### Work required
Each entry in the listing must be set down again word for word.

### Given records
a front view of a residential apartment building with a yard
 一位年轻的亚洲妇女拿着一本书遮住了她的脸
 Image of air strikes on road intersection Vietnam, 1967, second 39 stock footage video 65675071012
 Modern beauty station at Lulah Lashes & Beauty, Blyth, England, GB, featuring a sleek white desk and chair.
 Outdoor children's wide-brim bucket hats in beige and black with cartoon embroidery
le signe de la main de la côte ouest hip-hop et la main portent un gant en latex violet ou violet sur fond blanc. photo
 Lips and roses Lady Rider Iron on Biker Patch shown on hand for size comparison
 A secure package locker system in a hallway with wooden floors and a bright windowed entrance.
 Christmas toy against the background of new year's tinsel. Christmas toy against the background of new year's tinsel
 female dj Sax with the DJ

### Expected output
a front view of a residential apartment building with a yard
 一位年轻的亚洲妇女拿着一本书遮住了她的脸
 Image of air strikes on road intersection Vietnam, 1967, second 39 stock footage video 65675071012
 Modern beauty station at Lulah Lashes & Beauty, Blyth, England, GB, featuring a sleek white desk and chair.
 Outdoor children's wide-brim bucket hats in beige and black with cartoon embroidery
le signe de la main de la côte ouest hip-hop et la main portent un gant en latex violet ou violet sur fond blanc. photo
 Lips and roses Lady Rider Iron on Biker Patch shown on hand for size comparison
 A secure package locker system in a hallway with wooden floors and a bright windowed entrance.
 Christmas toy against the background of new year's tinsel. Christmas toy against the background of new year's tinsel
 female dj Sax with the DJ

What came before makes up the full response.